Credit card debt elimination can be a tricky thing, especially if you’re up to your eyeballs in debt. You may think about all of that extra cash you’d have on hand if you could pay your credit cards off. For some people, it’s a few hundred dollars. For others, it’s the equivalent of car payment, or even a small house payment. The ability to pay off that much debt can be challenging because you need to make more than the minimum payments. But, if you’re barely making it, how do you pay more than the minimum?
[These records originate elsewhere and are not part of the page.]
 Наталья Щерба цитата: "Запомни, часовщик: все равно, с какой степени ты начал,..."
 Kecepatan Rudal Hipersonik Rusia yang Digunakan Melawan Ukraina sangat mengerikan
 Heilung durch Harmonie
The first step in credit card debt elimination is the make a commitment to stop using your credit cards. Period. Cut them up. Or if that’s too extreme, I’ve heard of others who have frozen their cards in a block of ice and left them in the fridge. This way, you’re forced to think about the consequences of using your credit cards while the block of ice thaws out. It’s basically a cooling off period to make sure you aren’t using your credit cards impulsively. And no – a new pair of shoes or a video game for Johnny are not reasons to thaw the ice on those credit cards.
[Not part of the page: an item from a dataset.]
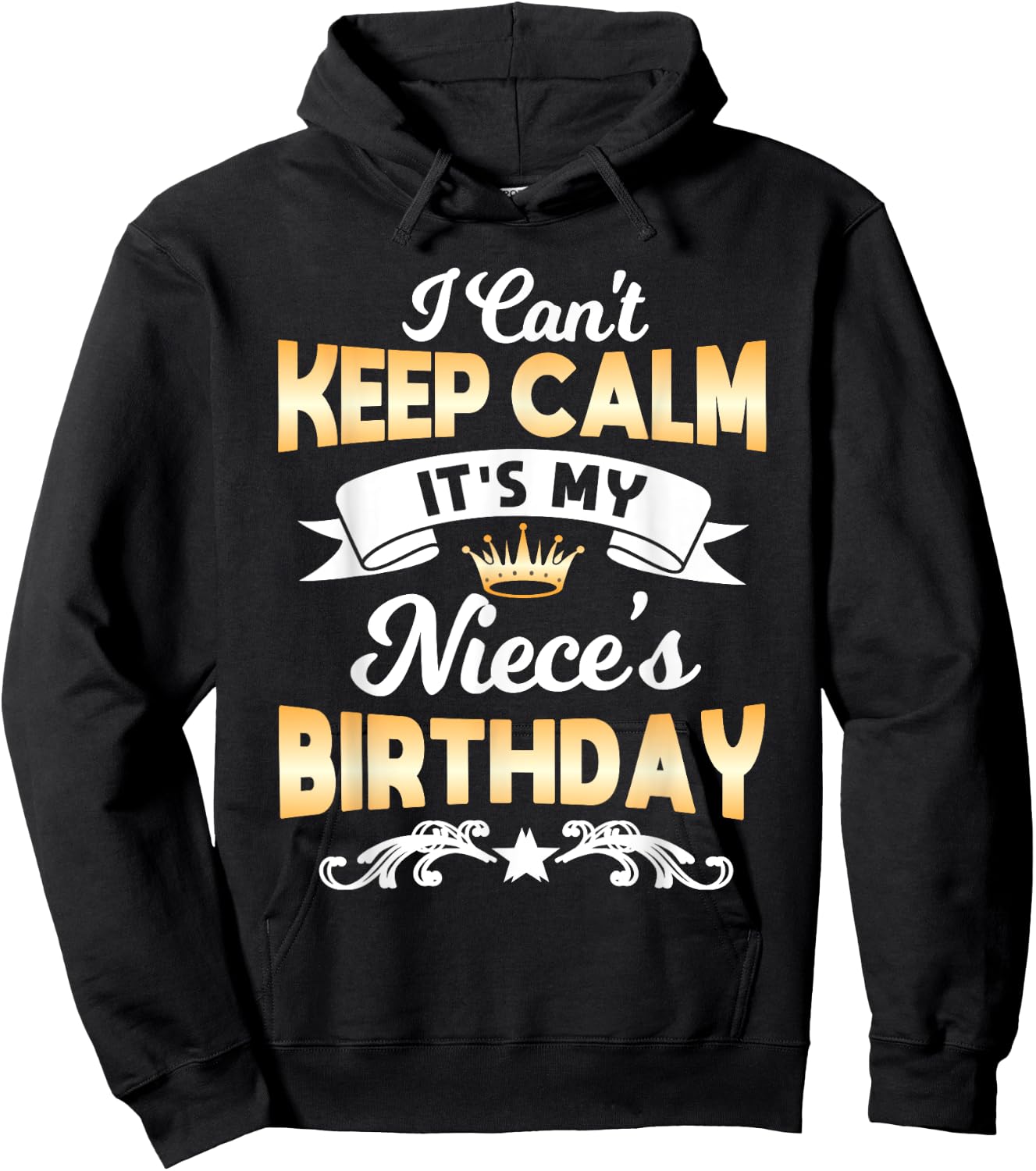 It's My Niece's Birthday Shirt I Can't Keep Calm Niece Hoodie - Hoodie | Black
If you have a lot of credit card debt, you likely have been using your cards because you don’t have a lot of savings built up. Or perhaps you have some money saved up in a retirement account, but nothing that you can reach for in the case of emergencies. So take a step to develop a savings account for life’s emergencies. Even if you put no more than $10 or $20 per month into that savings account, it is at least a first step towards building a small nest egg. After you have accumulated about 2-3 months worth of your monthly expenses in that account, you’ll have a great nest egg that you can turn to in the event an emergency arises. We like to think that we’re not prone to random circumstances that don’t require money. It’s just not true. Our lives are filled with examples where something comes up that can only be fixed with cash.
With your credit cards not being used and a saving account created for emergencies, you will have taken your first steps towards credit card debt elimination. Then you can move on to actually paying off your credit card debt, which will take another plan of attack altogether.